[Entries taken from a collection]
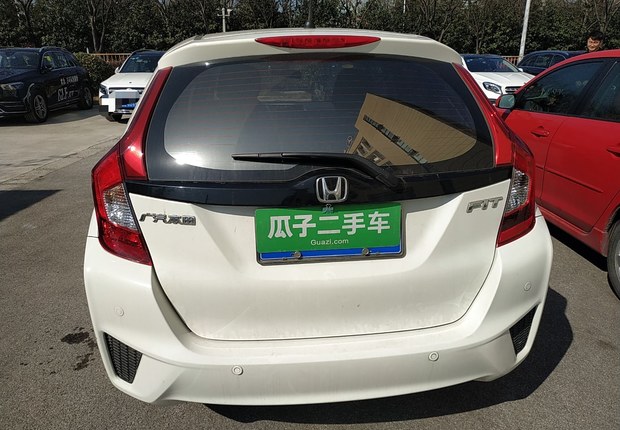 本田飞度 2016款 1.5L 自动 5门5座两厢车 时尚天窗型 (国Ⅴ) 
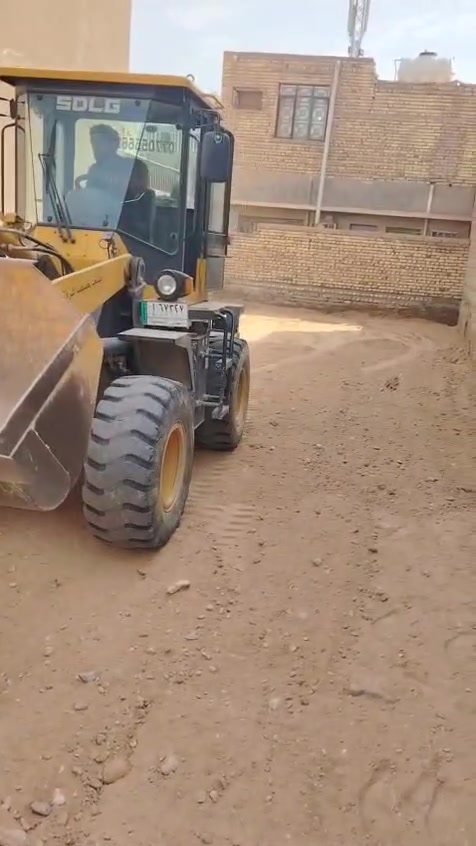 سلام عليكم
👷‍♂️مستعدون للتفليش البيوت 🏘والبنايات🏬 ورفع النقاذ + فرش سبيس + حادله مطاطيه وتجهيزها قطعه جاهزه للبناء 🧱  العنوان ميسان /العماره🌷 للستفسار أنتصل على الرقم***********🫡
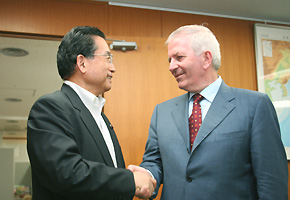 マクリーヴィ欧州委員と会談(6月13日)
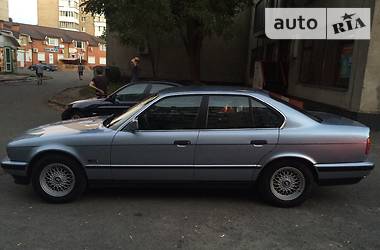 Седан BMW 5 Series 1992 в Киеве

Task details:
Your task is to retype, exactly and only, the lines from the line holding "マクリーヴィ欧州委員と会談(6月13日)" through the final line of the data above, with both ends kept. Drop the pictures.

Response:
 マクリーヴィ欧州委員と会談(6月13日)
 Седан BMW 5 Series 1992 в Киеве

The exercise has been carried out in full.